TWELVE medals awarded to Minehead-born war hero Brigadier Sir Mark ‘Honker’ Henniker have been sold at auction for £100,000.
Sir Mark, a Royal Engineer, was one of the founders of Britain’s 1st Airborne Division during the Second World War, and was hailed as their ‘saviour’ during the retreat from Arnhem.
His medals were described as an ‘extremely important and rare group’ and went to a private collector of medals for significant historical events when they were auctioned by Noonans Mayfair on Wednesday (February 14).
The £100,000 price exceeded the £60,000 to £80,000 expectation of the family, who were keen for the heroics of the British Airborne Forces during the Second World War and the sacrifices made by them to continue to live on in the public consciousness for generations to come.

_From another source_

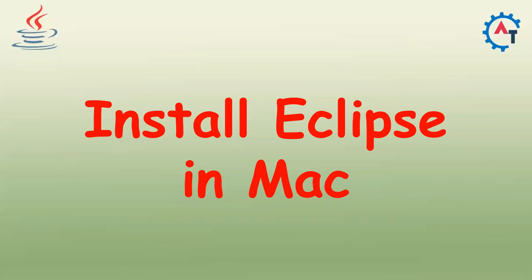Hi, in this video we will see how to install Eclipse in Mac machine.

Sir Mark’s family wanted the sale to highlight the story of the medals and to secure their safekeeping for the long-term future.

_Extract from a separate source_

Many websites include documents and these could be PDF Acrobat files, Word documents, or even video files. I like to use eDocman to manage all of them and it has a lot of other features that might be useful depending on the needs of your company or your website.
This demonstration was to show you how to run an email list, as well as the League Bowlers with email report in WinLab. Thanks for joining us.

Head of client liaison for Noonans, Christopher Mellor-Hill, said: “The price achieved for this amazing group of medals awarded to ‘Honker’ Henniker reflects not only his outstanding leadership under fire while severely wounded, capturing 90 Italian prisoners in the Sicily landings, and as a key figure in the famous WW2 raids of Bruneval and Telemark, but in the ultimate accolade of the immediate award of the DSO for his command and planning of the night time rescue and evacuation of some 2,400 men of the 1st Airborne Division trapped by the Germans west of Arnhem as a result of Operation Market Garden, which was commemorated by the famous film ‘A Bridge Too Far’.”

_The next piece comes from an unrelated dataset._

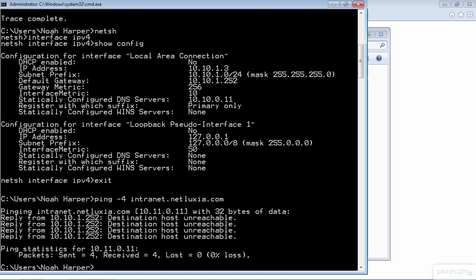Well we need to follow the troubleshooting methodology. We need to back up and isolate the network layer again. Why? Because we made a change, we changed the default gateway but it does not seem to have fixed the issue. So we need to go back to layer 2 and check that this default gateway switch one is actually reachable.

Sir Mark was born in Minehead in January, 1906, and after his long military career he died in December, 1991, aged 85, and is buried in St Peter’s Church, Llanwenarth Citra, Abergavenny.
During the war he was integral to the planning of the famous 1942 Bruneval Raid, the attempted destruction of a heavy water production plant in Telemark, Norway, the same year, and the airborne element of the invasion of Sicily, flying in by glider as part of HQ 1st Airlanding Brigade, in 1943.